Un elefante camina casi 50 kilómetros al día. Un oso se está moviendo 18 de las 24 horas del día explorando lugares recónditos. Un león o un tigre corren y trepan árboles sin descanso. Todos ellos pasan la vida constantemente de un lugar a otro. Se relacionan en movimiento, con sus manadas, con sus crías. Salvo que, oh destino, la criatura haya tenido la mala suerte de ser encerrada en una caja con barrotes en la que nacerá, crecerá y se moverá lo que le dejen. Sin privacidad. Expuestos a los flashes, los ruidos y las manos largas de quienes no han tenido nada mejor que hacer que pagar una entrada por visitar centros de tortura.

Porque eso es lo que los zoos son: centros de tortura para animales. Una animalada, si así lo quieres, para el bienestar de los bichos que pasarán su mísera existencia en un rincón tan hostil. Una especie de Guantánamo para animales. Porque no, los animales no son felices en un zoo. Ese argumento es una de las mayores patrañas nunca oídas. Los monos y los pájaros se autolesionan. A estos se le recortan las alas para que se estén quietecitos y no puedan volar. Los leones y los tigres se pasan la vida meciéndose hacia delante y hacia atrás en un intento inútil de ganar espacio, de estirar las piernas. Y las jirafas encerradas acaban doblando el cuello, un comportamiento que nunca se ve cuando están en su entorno natural.
A menudo quienes visitan los zoos empujan a quien tengan al lado con tal de ver a esa cría de panda tan rechoncha, al bebé koala que con tanto ahínco se agarra a su madre o a la jirafa recién nacida que está aprendiendo a mantenerse erguida. Sin embargo, cuando todos ellos crecen, al público entregado ya no le parecen tan dignos de atención, así que muchos zoos se deshacen como pueden de los animales adultos e incentivan la procreación de nuevos retoños que les garanticen más visitantes y por ende, más dinero, según denuncia la asociación Personas por el Trato Ético De Los Animales PETA, son las siglas en inglés.

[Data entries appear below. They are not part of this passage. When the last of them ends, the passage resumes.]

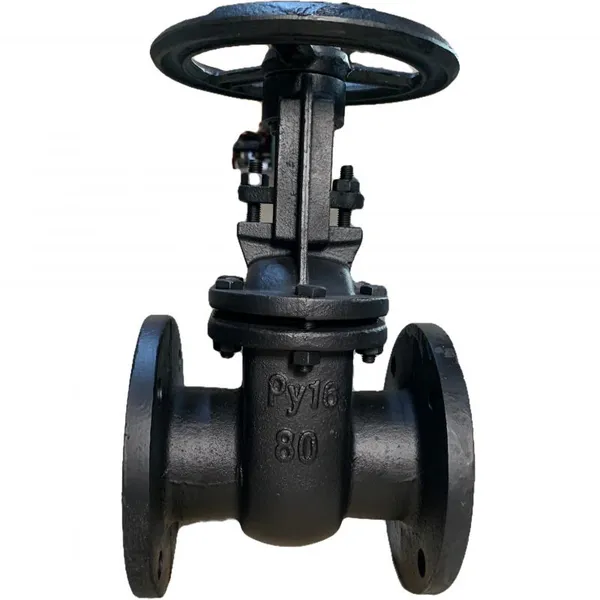 Hot Sale Py16 GOST Standard 20# Flange Connection Cast Iron Gate Valve With Handwheel photo-4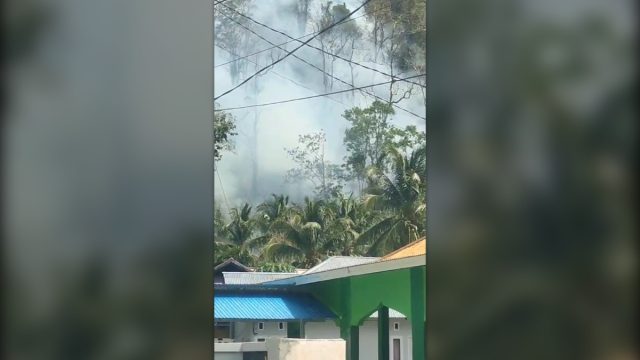Kebakaran Hutan dan Lahan Tojo Una-una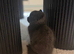 Beautiful British Shorthair Male Kitten – £250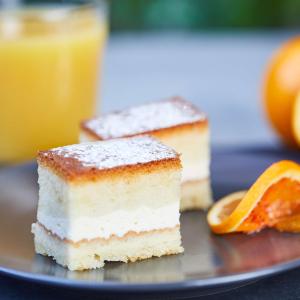 best western plus park hotel pordenone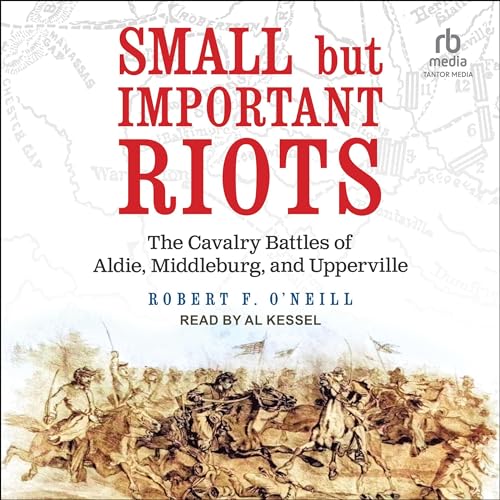 Cover of Small but Important Riots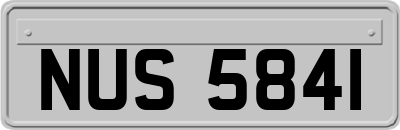 NUS5841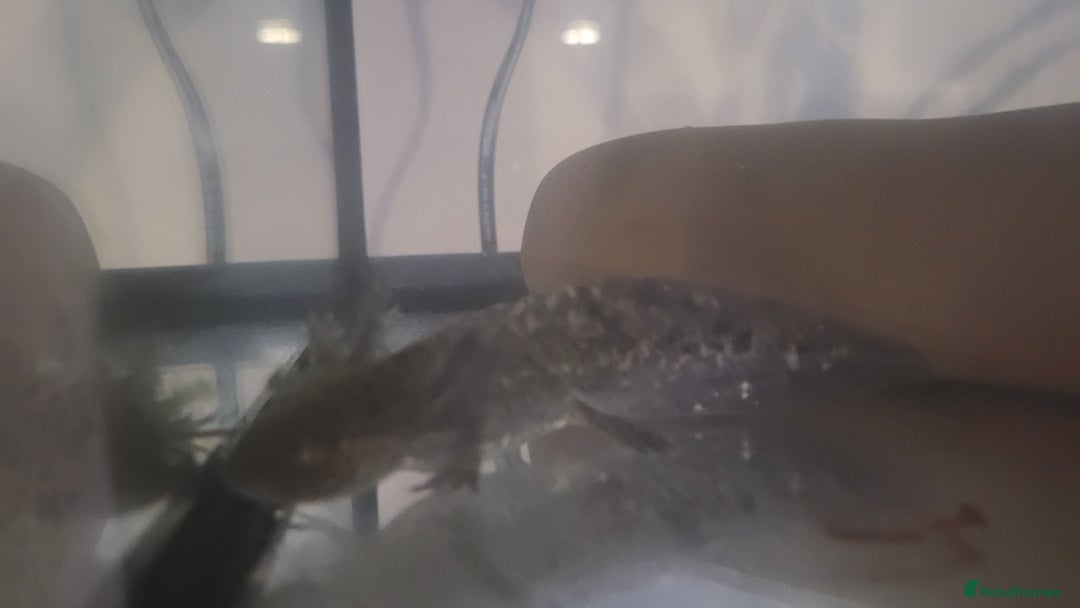 Axolotl reptiles for sale: 2 Axolotl  - Image 12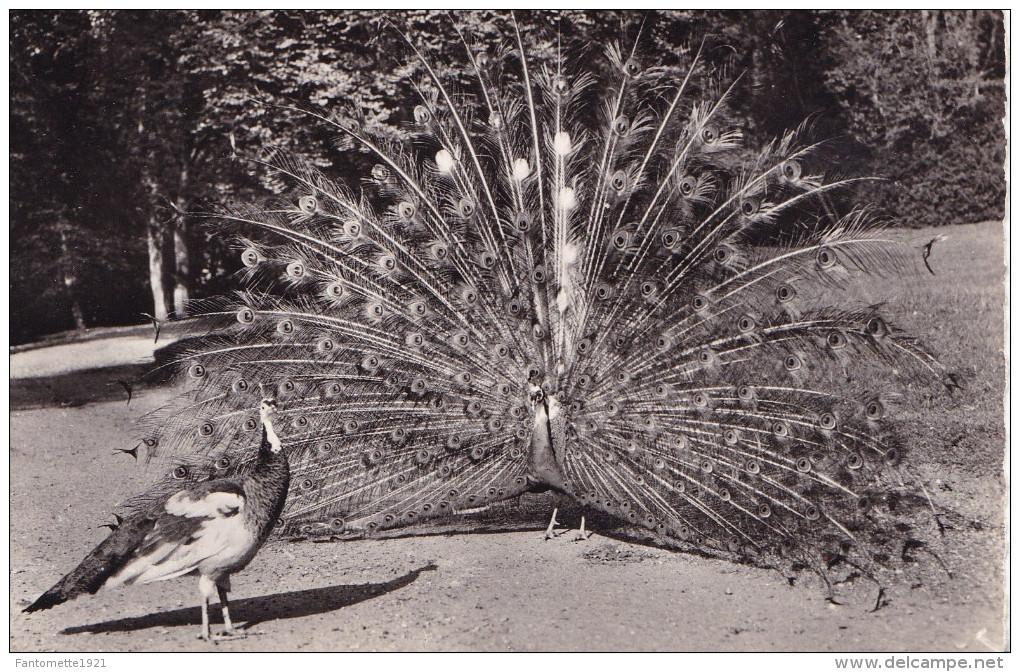 PARC ZOOLOGIQUE DE CLEVES   PAONS BLEUS (DIL58) - Vögel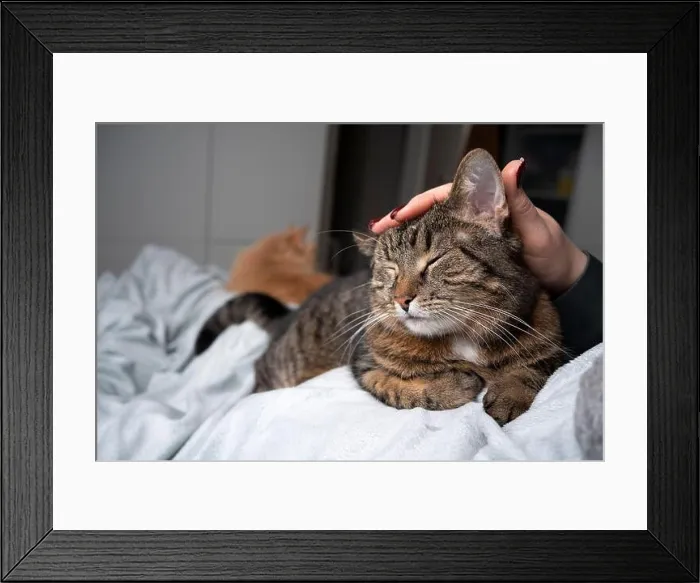 Framed Print : cute tabby cat relaxing on blanket getting head stroked by pet owner in bedroom. another cat resting in the background Framed Print : cute tabby cat relaxing on blanket getting head stroked by pet owner in bedroom. another cat resting in the background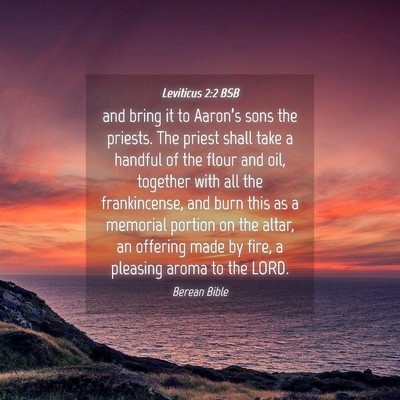 Picture 04 - Leviticus 2:2 BSB - and bring it to Aaron’s sons the priests. The - Bible Verse Picture
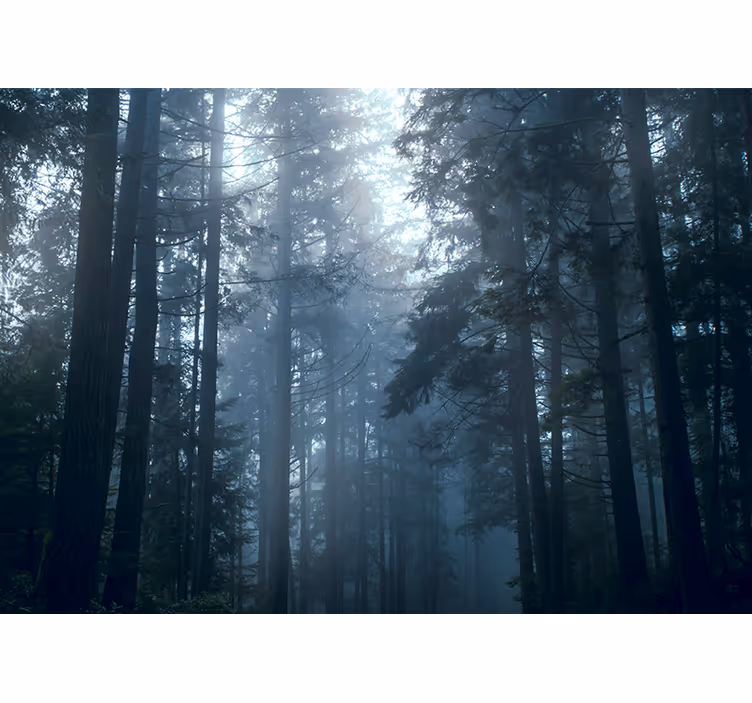 Tapete wald nebeliger immergrüner wald - TenStickers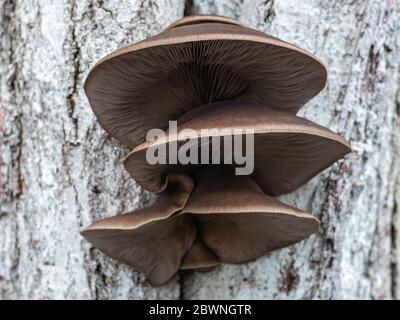 Große Pilze wachsen auf dem Stamm des Baumes Stockfoto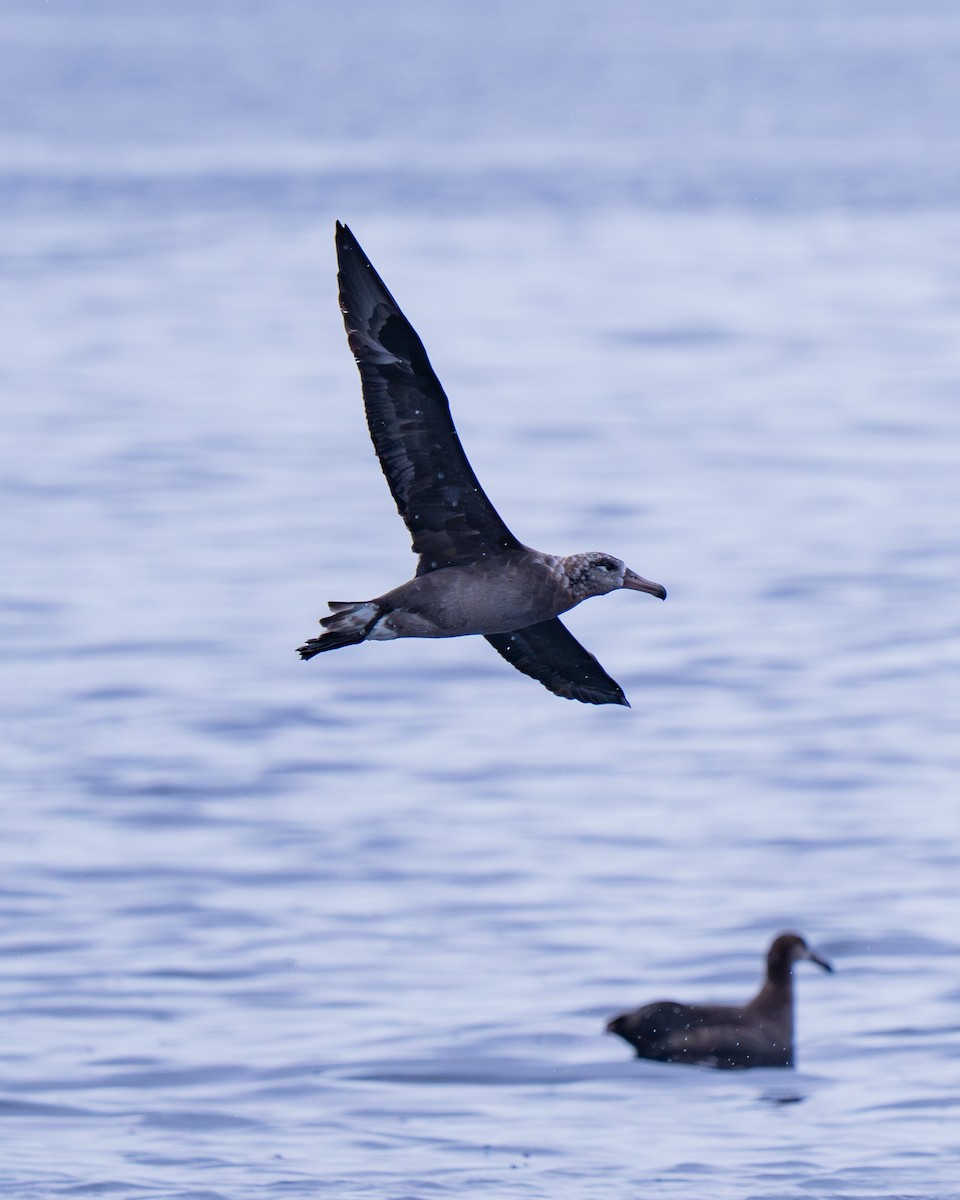 Albatros hankabeltza - ML647367525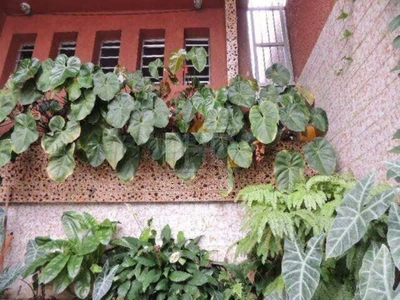 Sobrado, 3 quartos, 264 m² - Foto 2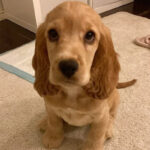 Cocker Spaniel Puppy Thumbnail 3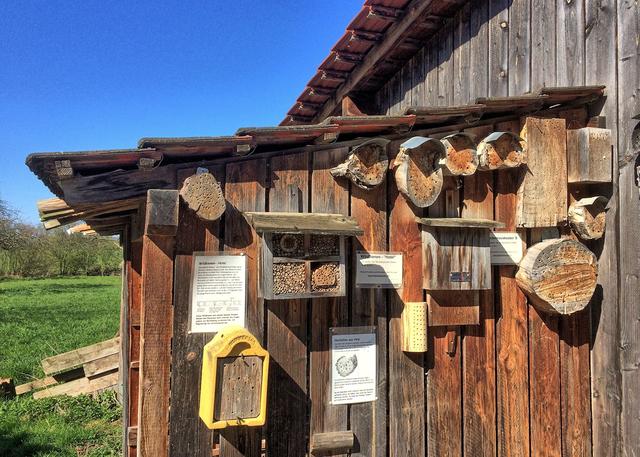 Bienenhotel an Haus Bürgel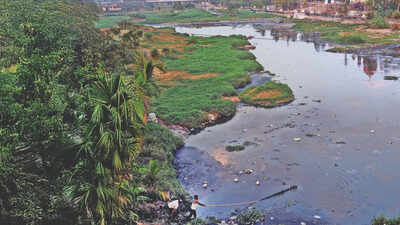 'ISIS drug’ to heart medicines, Musi carries India’s heaviest pharma pollution load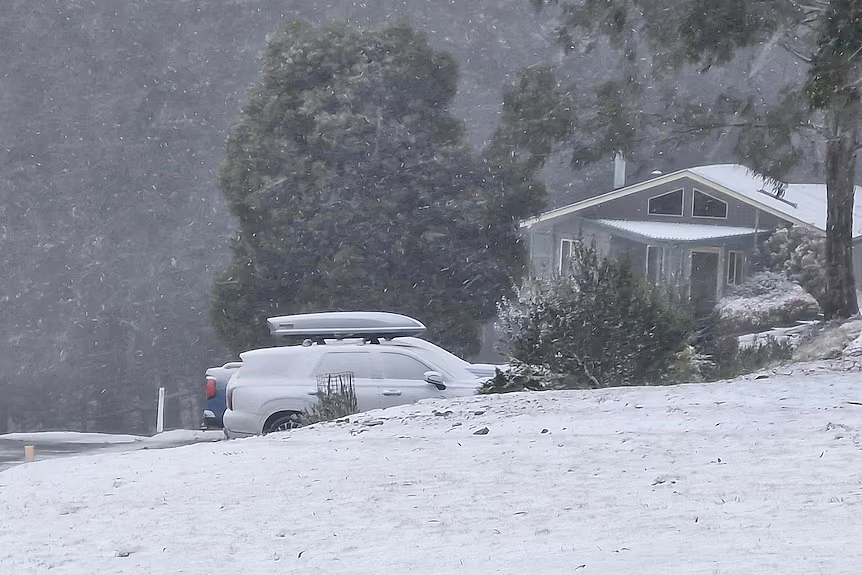 新州多地迎来降雪，白茫茫一片！有人特意从外地赶来看雪（组图） - 5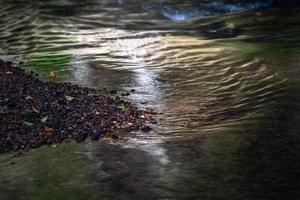 små skog flod i sommar med grön bakgrund foto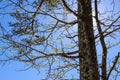 A tall tree in the forest with budding green leaves on a blue sky background at Lake Horton Park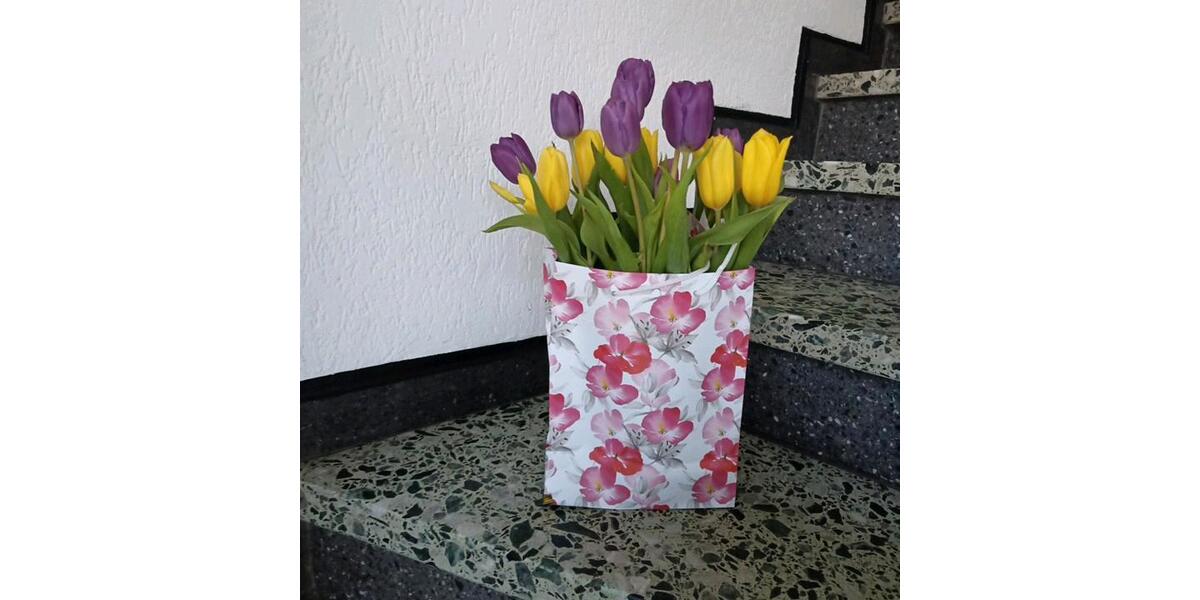 Dachgeschoßwohnung Dorsten - 1 Zimmer, 30 m&sup2;, 535&euro; | Angebot:25259081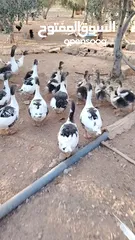  3 وز بط حبش للبيع
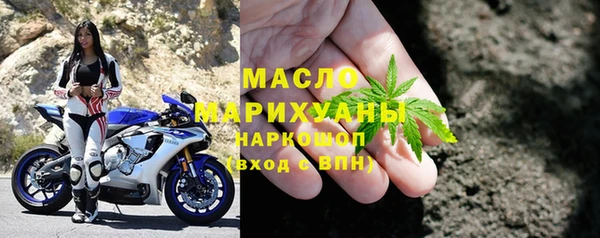 СК Ельня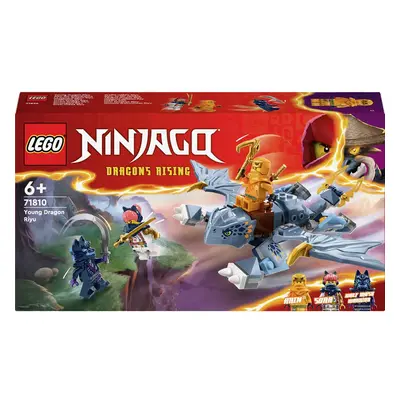 71810 LEGO® NINJAGO Riyu le dragon de bébé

Y luego está la sandez esa de que los zoos existen para mantener con vida a animales que están en peligro de extinción. Bueno, pues no. La mayoría de los animales enclaustrados y atormentados que uno ve tras los barrotes de los zoológicos no están en peligro de extinción. Viven, y muy a gusto, en las sabanas africanas o estepas siberianas. Los pocos, además, que sí pueden estar en peligro de extinción no son nunca liberados. Es decir, un animal en peligro de extinción se cría en cautividad supuestamente con el fin de, en algún momento, ser devuelto a su origen. Esto no ocurre en los zoos. Los zoos son, de hecho, lo contrario de este planteamiento. El animal nacerá, será expuesto y luego defenestrado. Y nadie se preocupará por mantener el hábitat de origen de la especie.

Las especies menos populares serán además relegadas. En un zoo habrá tigres y leones pero aves o reptiles menos conocidos nunca aparecerán. El concepto de diversidad que adquirirán los visitantes distará mucho de la diversidad real. Quien acude a un zoo aprenderá poco o nada sobre los animales. De hecho, creerá que es adecuado mantenerlos en una caja, mostrarlos a turistas o manadas de adolescentes hormonados como si de una feria se tratara. ¿Alguien cree que se aprende mucho sobre el hábitat de los animales en los apenas tres minutos que uno pasa delante de un ejemplar encerrado?
No vivimos en los años 80. Quien no pueda viajar, puede ver documentales, consultar vídeos de YouTube, incluso viajar a través de realidad virtual y ver animales. Es anacrónico y cateto tenerlos encerrados. ¿Para ver cómo visten los indígenas australianos o los monjes tibetanos también tenemos que coger un ejemplar y meterlo en caja? No, ¿verdad? Pues eso.